It’s common to hear that correlation does not imply causation. It’s certainly true in the strong sense that observing a correlation between X and Y does not prove causation X->Y, because the true causality might be Y->X or Z->(X,Y).
Some wag (Feynman?) pointed out that “correlation does not imply causation, but it’s a good start.” This is also true. If you’re trying to understand the causes of Y, data mining for things that are correlated is a useful exploratory step, even if it proves nothing. If you find something, then you can look for plausible mechanisms, try experiments, etc.
Some go a little further than this, and combine Popper’s falsification with causality criteria to argue that lack of correlation does imply lack of causation.
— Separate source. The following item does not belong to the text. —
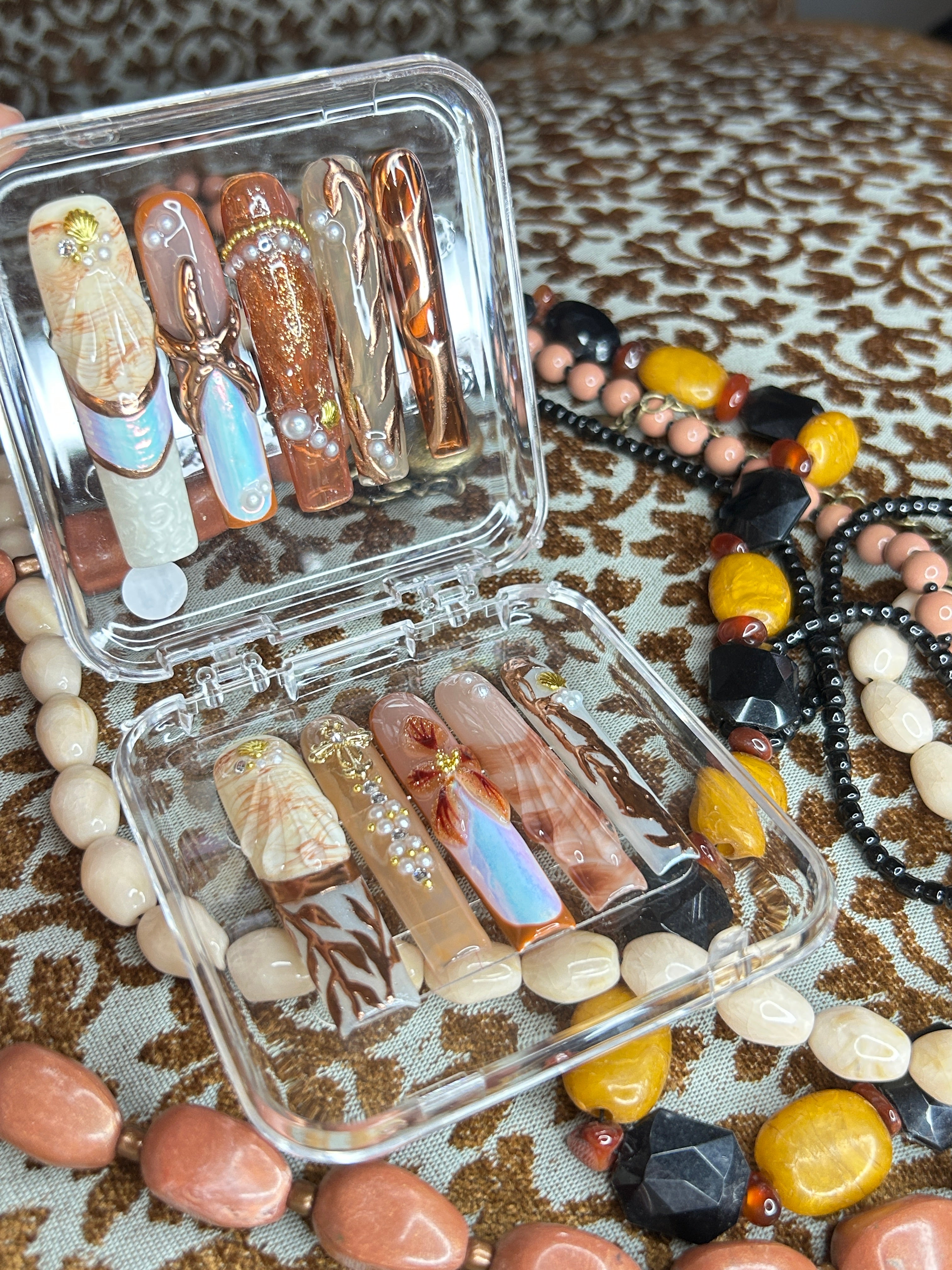 Amber Bohemian Pearl Press-On Nails | Vintage Jewelry Inspired Nails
Unfortunately, this is untrue, for a number of reasons:
- Measurement error – in OLS regression, the slope is just the correlation coefficient normalized by standard deviations. However, if there’s measurement error in the RHS variables, not just equation error affecting the LHS, the slope is affected by attenuation bias. In other words, a poor signal to noise ratio destroys apparent correlation, even when causality is present.
- Integration – bathtub dynamics renders pattern matching incorrect, and destroys correlations, even in synthetic data experiments where causation is known to exist.
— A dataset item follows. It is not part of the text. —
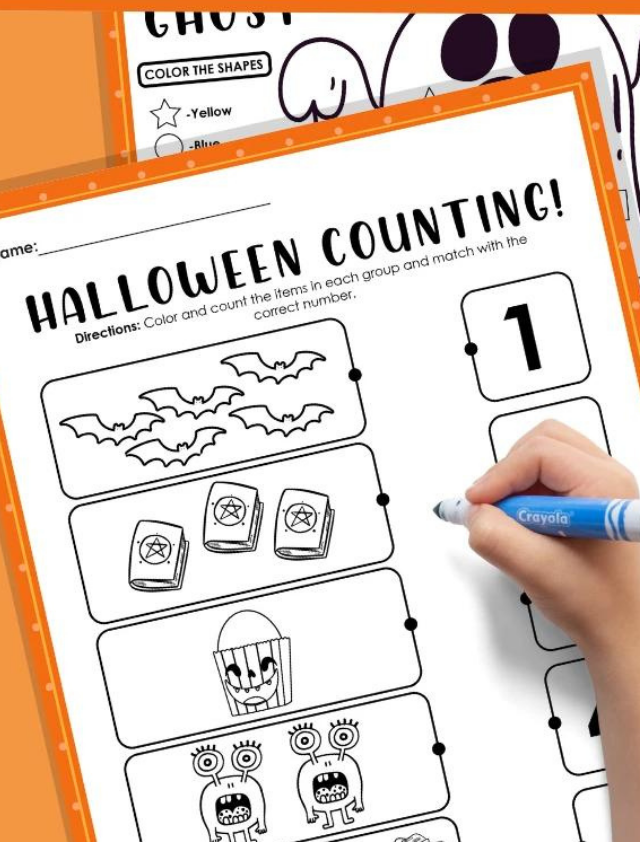 Preschool Halloween Math Worksheets Story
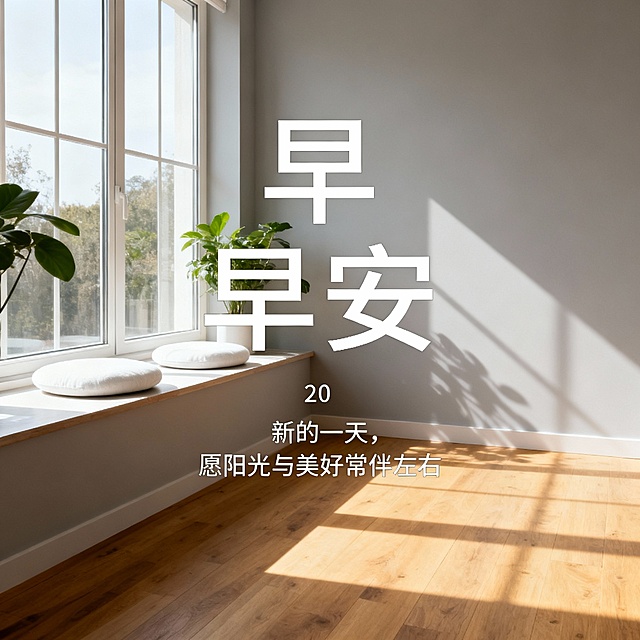 生成28张差异化的问候图片，1：1，或者3：4，文字主体是”早安“或”早上好“或“周二，你好”需要放大一点，排版和字体跟其他祝福语不一样一点，祝福语的字数20个字左右，画面可以是风景，或是人物，或是唯美的，或者花草，或者吉祥物等...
- Nonlinearity – there are many possible bivariate patterns that result in a linear correlation coefficient of 0 despite an obvious (possibly causal) relationship.
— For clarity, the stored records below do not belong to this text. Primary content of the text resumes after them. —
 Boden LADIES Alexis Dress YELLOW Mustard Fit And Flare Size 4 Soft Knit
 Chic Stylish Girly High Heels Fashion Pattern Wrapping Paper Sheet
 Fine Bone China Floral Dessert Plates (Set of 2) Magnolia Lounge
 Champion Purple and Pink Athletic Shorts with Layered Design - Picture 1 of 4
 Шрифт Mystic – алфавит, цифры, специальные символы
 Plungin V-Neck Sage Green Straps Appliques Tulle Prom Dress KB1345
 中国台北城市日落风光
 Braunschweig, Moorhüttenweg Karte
Most systems have all three of these features to some extent, and they gain strength in combination. Noise integrates into the system stocks, and the slope or correlation of a relationship may reverse, depending on system state. Sugihara et al. show that Granger Causality fails, because “in deterministic dynamic systems (even noisy ones), if X is a cause for Y, information about X will be redundantly present in Y itself and cannot formally be removed….”
The common thread here is that no method can say much about causality if the assumptions neglect features of the system dynamics (integration or nonlinearity) or stochastic processes (measurement error and driving noise). Sometimes you get lucky, because you have a natural experiment, or high precision measurements, or simply loads of data about benign dynamics, but luck rarely coincides with big novel problems. Presence or absence of correlation is suggestive but far from definitive.